First Family News – 2020 September “There’s Room at this Table”
Rev. Sam B. Kim
You’ve likely heard the saying, “Never discuss religion or politics in polite company.” Many of us abide by it, especially in the polarizing political culture we live in today. We don’t want to spoil a pleasant dinner with close friends or family by raising such topics at the table.
While I understand the intent of the old maxim, I believe it’s time to re-examine our common practice of avoiding conversations over religion and politics, for a few reasons. The first reason is theological.
For Christians, religion and politics are engrained in our faith. The crucifixion of Jesus Christ was largely a political event. It was the Roman authorities, namely Pontius Pilate, who convicted Jesus, in partnership with the religious leaders. If it were a religious event, Jesus would have been stoned to death. With the cross as the central act and symbol of our faith, how can Christians take politics and religion out of our shared dialogue?

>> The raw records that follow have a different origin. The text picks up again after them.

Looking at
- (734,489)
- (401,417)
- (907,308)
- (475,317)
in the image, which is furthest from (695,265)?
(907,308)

Secondly, religion and politics are built into the establishment of our Nation. This country was founded on Biblical principles. In fact, whoever our next President is going to be, in the coming months he will lay his hand on a Bible when sworn into office. As Christians living in America, spiritual life and political life go hand in hand.
Lastly, something needs to change. Do you like where our practice of evading conversations on religion and politics has brought us? Am I the only person that’s tired of tippy-toeing around the proverbial ‘elephant in the room’, especially with family and friends whom I care deeply about? We have lost the ability to engage in faithful and fruitful discussions over sensitive and controversial issues.

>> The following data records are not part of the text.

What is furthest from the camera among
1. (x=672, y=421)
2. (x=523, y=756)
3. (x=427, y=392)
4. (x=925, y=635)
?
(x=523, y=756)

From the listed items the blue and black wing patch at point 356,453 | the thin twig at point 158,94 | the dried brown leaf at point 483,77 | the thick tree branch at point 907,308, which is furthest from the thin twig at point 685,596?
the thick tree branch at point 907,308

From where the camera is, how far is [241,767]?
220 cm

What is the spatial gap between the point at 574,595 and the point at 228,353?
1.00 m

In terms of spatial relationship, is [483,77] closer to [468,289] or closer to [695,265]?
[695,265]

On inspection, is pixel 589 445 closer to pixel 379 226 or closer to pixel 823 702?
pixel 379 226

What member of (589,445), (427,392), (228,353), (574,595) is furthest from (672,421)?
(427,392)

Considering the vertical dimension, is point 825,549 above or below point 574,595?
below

One way we can bring about change is by bringing religion and politics back to Christ’s table. As followers of Jesus, the table in which we surround ourselves is a table of abundant grace. When Jesus gathered his closest companions for his last meal, it wasn’t meant for ‘polite company.’ It was meant to symbolize God’s beloved community. As one pastor and author tells us about Christ’s table of grace:
There is no greater symbol of our common bond in the household of God than the dinner table. There is no more tangible sign of our genuine love and acceptance of one another than our willingness – our eagerness – to share our bread with one another. At the table, strangers and acquaintances become friends. At the table, there is opportunity for true companionship – a word that comes from the Latin, companis, which means, literally, “with bread.” A companion is someone with whom you share bread. (You Need to Get Out More, Feldmeir).
As companions of Christ, and with Christ as the host, there is room at the table for religion and politics.